TASK BRIEF ▸
Please repeat, from the entries that follow, the lines from the one containing "Country Goose 80s" through the one containing "Natural Cotton Tee Shirt with Butterfly" exactly, adding nothing.

PROVIDED ENTRIES ▸
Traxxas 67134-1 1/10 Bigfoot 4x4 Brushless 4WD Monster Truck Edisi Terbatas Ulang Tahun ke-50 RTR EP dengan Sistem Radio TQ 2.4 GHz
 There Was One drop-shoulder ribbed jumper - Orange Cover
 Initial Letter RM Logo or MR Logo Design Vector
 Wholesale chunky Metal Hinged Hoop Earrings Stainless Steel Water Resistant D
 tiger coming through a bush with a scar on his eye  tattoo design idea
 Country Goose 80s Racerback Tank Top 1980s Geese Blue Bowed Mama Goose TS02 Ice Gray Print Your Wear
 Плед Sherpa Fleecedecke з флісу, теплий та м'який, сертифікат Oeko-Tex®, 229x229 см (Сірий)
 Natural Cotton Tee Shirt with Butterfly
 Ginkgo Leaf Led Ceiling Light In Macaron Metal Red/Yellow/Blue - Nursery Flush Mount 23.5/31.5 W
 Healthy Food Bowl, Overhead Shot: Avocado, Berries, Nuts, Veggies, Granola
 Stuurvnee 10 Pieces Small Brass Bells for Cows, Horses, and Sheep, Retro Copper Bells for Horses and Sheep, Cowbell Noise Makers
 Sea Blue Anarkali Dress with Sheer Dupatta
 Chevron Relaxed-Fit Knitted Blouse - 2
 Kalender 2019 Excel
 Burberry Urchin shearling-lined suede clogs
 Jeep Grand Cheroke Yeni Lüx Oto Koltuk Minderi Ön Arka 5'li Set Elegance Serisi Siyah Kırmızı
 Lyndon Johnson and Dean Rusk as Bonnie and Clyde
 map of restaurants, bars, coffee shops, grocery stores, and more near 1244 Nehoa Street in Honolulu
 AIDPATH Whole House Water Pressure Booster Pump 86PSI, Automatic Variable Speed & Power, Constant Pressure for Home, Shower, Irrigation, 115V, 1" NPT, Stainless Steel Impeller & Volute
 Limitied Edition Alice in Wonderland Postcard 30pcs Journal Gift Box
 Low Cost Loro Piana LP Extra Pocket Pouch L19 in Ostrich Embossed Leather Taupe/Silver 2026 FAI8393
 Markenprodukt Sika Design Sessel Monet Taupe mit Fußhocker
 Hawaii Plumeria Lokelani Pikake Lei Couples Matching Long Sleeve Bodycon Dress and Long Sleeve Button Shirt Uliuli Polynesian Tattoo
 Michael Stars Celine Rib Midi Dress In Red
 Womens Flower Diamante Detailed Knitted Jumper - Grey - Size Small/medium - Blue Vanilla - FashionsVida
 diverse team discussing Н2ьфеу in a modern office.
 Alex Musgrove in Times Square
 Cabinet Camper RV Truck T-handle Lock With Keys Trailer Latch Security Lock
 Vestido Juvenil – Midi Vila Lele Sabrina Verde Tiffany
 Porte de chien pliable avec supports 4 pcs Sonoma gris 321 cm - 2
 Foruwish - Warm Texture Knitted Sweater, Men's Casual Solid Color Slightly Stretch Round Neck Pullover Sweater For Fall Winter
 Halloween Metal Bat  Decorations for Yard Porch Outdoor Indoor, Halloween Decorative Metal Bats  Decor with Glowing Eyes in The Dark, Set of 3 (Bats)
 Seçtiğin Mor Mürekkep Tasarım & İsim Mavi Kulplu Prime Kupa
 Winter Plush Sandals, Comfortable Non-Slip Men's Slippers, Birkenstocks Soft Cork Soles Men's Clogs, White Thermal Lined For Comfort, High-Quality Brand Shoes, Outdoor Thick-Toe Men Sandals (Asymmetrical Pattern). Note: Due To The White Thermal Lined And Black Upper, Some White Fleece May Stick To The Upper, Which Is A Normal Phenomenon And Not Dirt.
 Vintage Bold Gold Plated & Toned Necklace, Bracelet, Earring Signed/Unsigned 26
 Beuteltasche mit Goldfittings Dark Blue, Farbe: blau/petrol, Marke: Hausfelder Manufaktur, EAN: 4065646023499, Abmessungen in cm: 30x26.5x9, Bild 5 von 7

ANSWER TO THE EXERCISE ▸
 Country Goose 80s Racerback Tank Top 1980s Geese Blue Bowed Mama Goose TS02 Ice Gray Print Your Wear
 Плед Sherpa Fleecedecke з флісу, теплий та м'який, сертифікат Oeko-Tex®, 229x229 см (Сірий)
 Natural Cotton Tee Shirt with Butterfly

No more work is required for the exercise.